All of my criticisms that I'm going to mention here don't detract from my enjoyment of the show. Heading back to this first season again I found it supremely interesting seeing how it all originated. Some of the characters here are surprisingly well developed, while others spend much of the season heading down wrong paths, only for their development to get course corrected later on. Xander and Willow are both likable characters, yet in this season their storylines are terrible. It starts with episode one, Welcome to the Hellmouth in which their best friend, Jesse is taken (and eventually killed an episode later). This character is never ever mentioned again, the two friends seemingly replacing him with Buffy right away. Xander spends the entire season in love with Buffy, Willow spends the whole season in love with Xander. Neither of these two storylines go anywhere and it just felt so by the numbers, so it is good that these plotlines later get abandoned. Also with Willow, her defining characteristic being she is some sort of hacker thankfully gets dropped in later seasons. Giles was a great character, I had nothing bad to say about him, not so much his counterpart, Jenny (Robia Scott) who first appears in one of the episodes that had dated the worst, I Robot... You Jane in which a demon gets reborn on the internet. Having Jenny and her I.T students sat around PC's with tiny screened huge monitors and talking about 'surfing the web' was quite cringe in modern context.
While Giles and Buffy are both great characters I also enjoyed Angel's inclusion in this season, appearing as an enigmatic person who comes across as a bit neutral in the conflict, before the mid-season reveal that he is actually a vampire. He always felt like someone who was more interesting the less you knew about him. It is Cordelia (Charisma Carpenter) who was the biggest surprise in that she gets the most development over the season. She starts off as a self centered popular kid who gets joy in bullying those she sees as beneath her. By seasons end she is fully clued in to the evils of the world and shows her version of respect for the protagonists.

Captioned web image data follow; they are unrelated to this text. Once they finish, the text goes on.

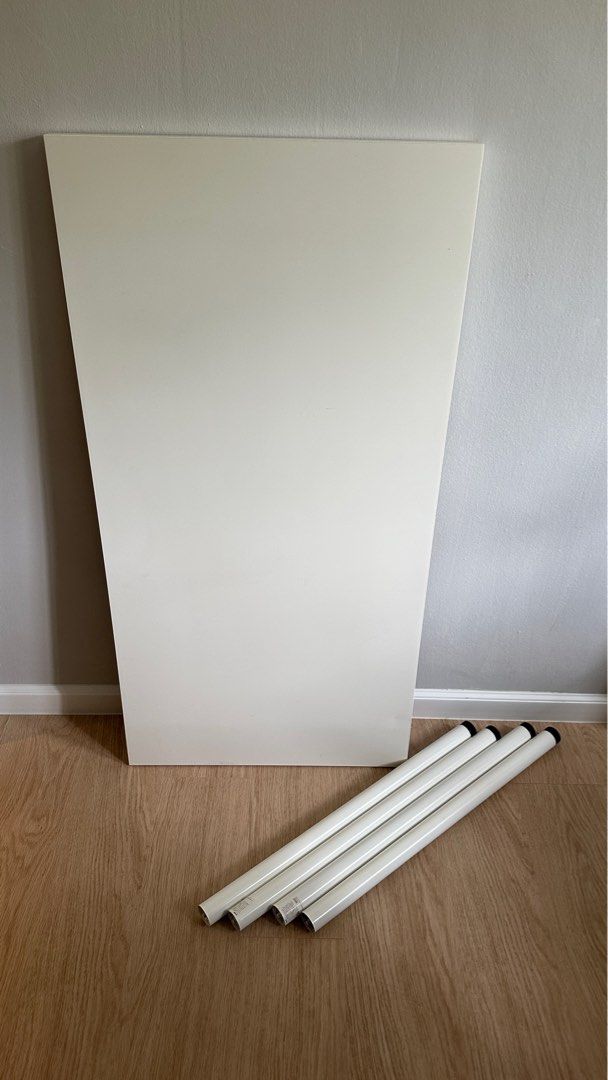 Ikea linnmon table white free cable management tray, Furniture & Home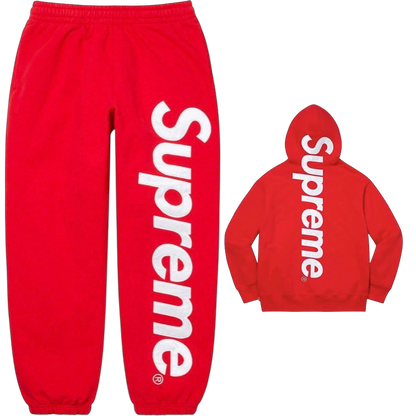Supreme Big Logo Hoodie & Sweatpants Set – Red / White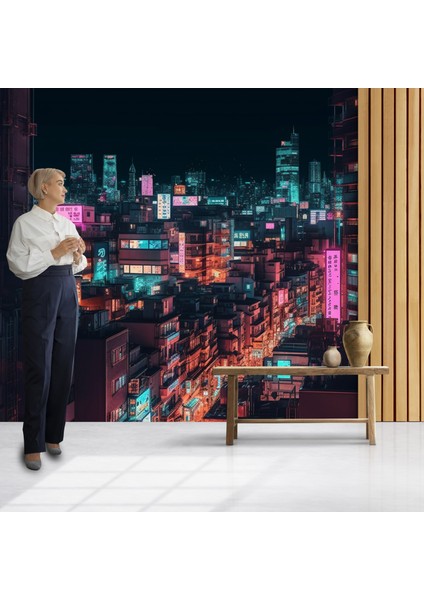 Neon Renkli Gece Tokyo Şehri Mimarileri Poster Duvar Kağıdı Tek Parça Kolay Montaj fırsatları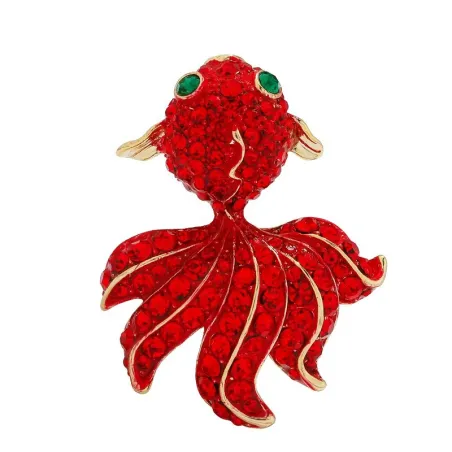 BrochesPez dorado de cristal rojo - broche elegante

As cool as The Master is he really doesn't feature much. It doesn't help that for all but the final episode (Prophecy Girl) he is trapped underground not able to do much of anything. He mainly just talks and talks and talks which was interesting, but hardly exciting. The rest of the bad guys are made up of 'monster of the week' antagonists, such as in episodes Witch, Teacher's Pet, The Pack, The Puppet Show and Out of Mind, Out of Sight. This leaves only five out of the twelve episodes that relate to the main storyline for the season. It was nice to see characters that would later be given greater significance, such as the vampire Darla (Julie Benz - Angel), Amy (Elizabeth Anne Allen), and even the puppet Sid would turn up in a later season (not a hundred percent sure on that one). I found it funny the amount of cliffhanging endings there were, especially considering these would never get revisited. Things such as a soul trapped in a statue, an undiscovered egg, and a secret facility for special people all never ever get mentioned again, and felt like they were there just as an idea for how to end whichever particular episode they are in. The show over the course of seven seasons had a lot of out-there episodes, ones that take place in dreams or alternate realities, it all starts here with episode ten, Nightmares that has some cool ideas, such as showing what Buffy would look like if she was a vampire. 

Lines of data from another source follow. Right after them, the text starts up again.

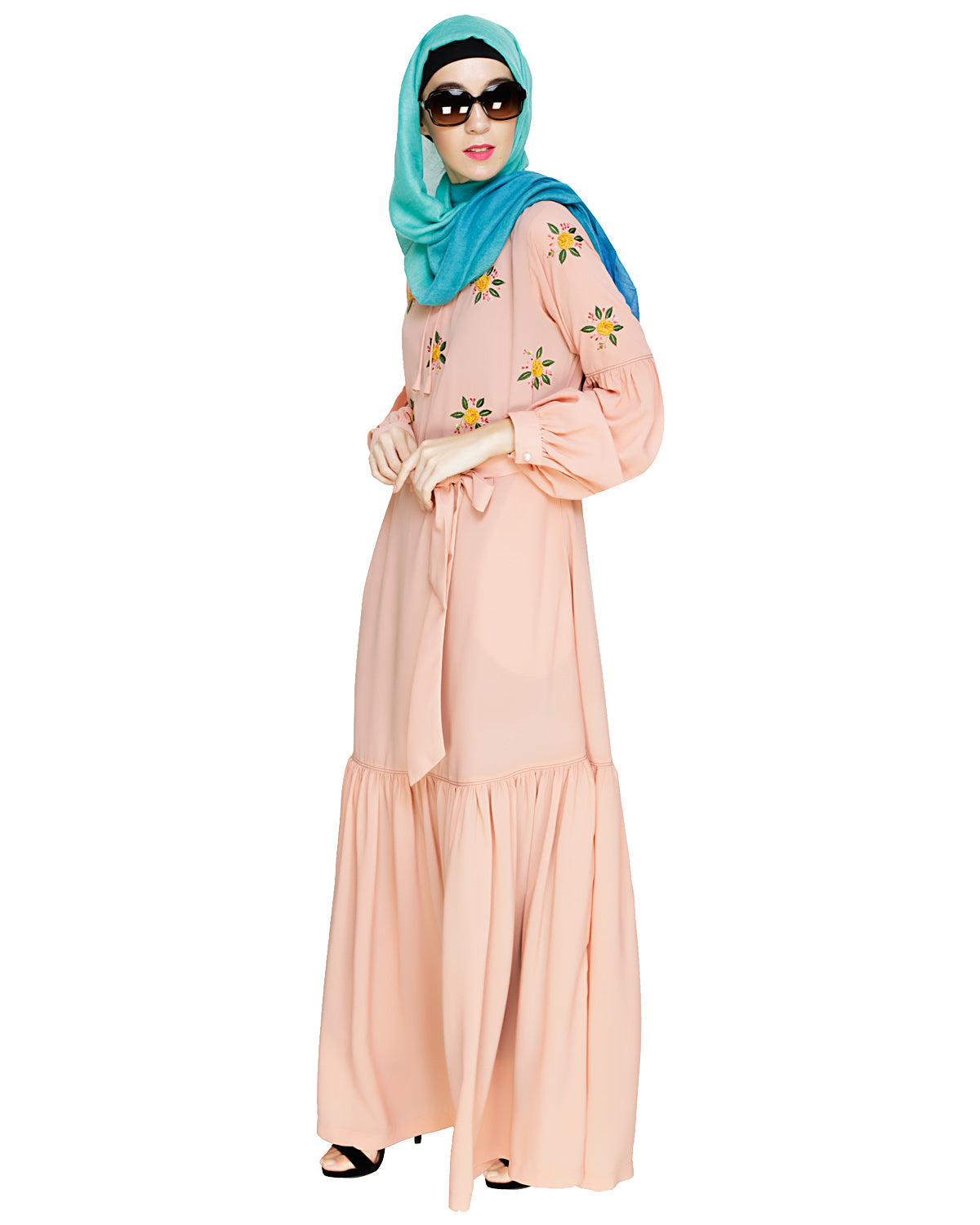 Dreamy Floral Embroiderd Abaya Peach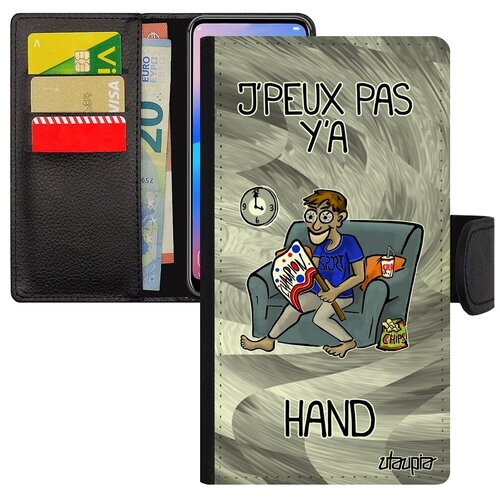 фото Защитный чехол книжка на смартфон // xiaomi redmi note 6 pro // "не могу - смотрю гандбол!" надпись шутка, utaupia, серый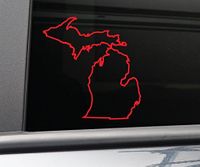 Michigan Vinyl Decal Laptop Car Truck Bumper Window Sticker, 5.5" x 5.25", Red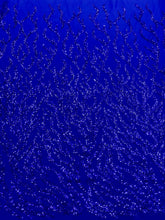 Dantela Couture Albastru Royal cu Siraguri, cu Margele si Paiete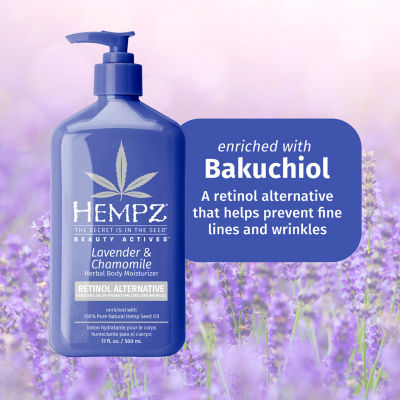 Hempz Lavender & Chamomile Herbal Body Moisturizer With Retinol Alternative 17 Oz.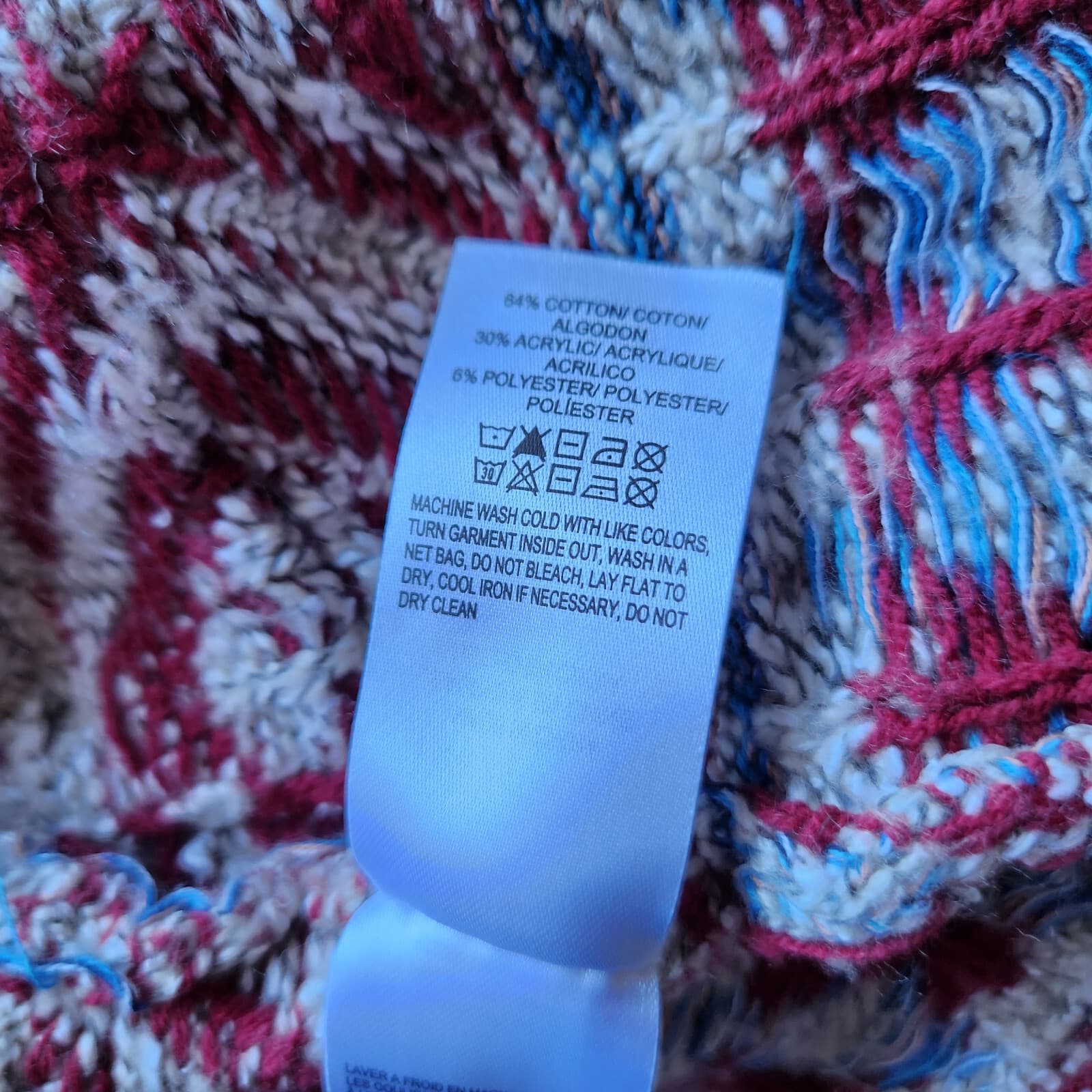 Lucky Brand Aztec Southwest Boho Open Cardigan Long Sleeve Pocket Red Beige Sz.M - Thumbnail 9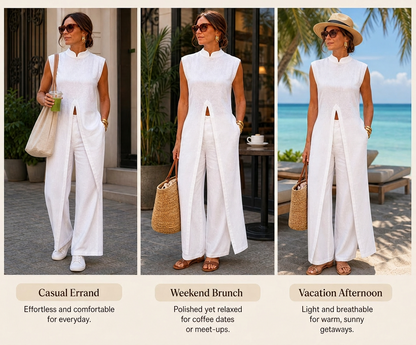 Chiara Imperatore™ Ärmelloses Zweiteiliges Set mit Weithose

The special effects are dated now, especially the CG that looks terrible to a modern eye. Some of the more practical effects are neat enough, I liked the puppetry of the hellmouth in the final episode for instance. The action sequences never fail to feel kinda lame. Fights are brief and lack impact, while Gellar appears to be swapped out for her stunt/fight double at every opportunity. The show still remains really quite funny, the scripts are always a highlight, leading to a few moments that still make me laugh out loud. 

Buffy the Vampire Slayer: Season 1 is definitely the weakest of the seasons. With half the episodes, characters who have not yet found their path and too many standalone stories it pales in comparison. Regardless, it is still wonderful, enjoyable, and a great introduction. Roll on season 2.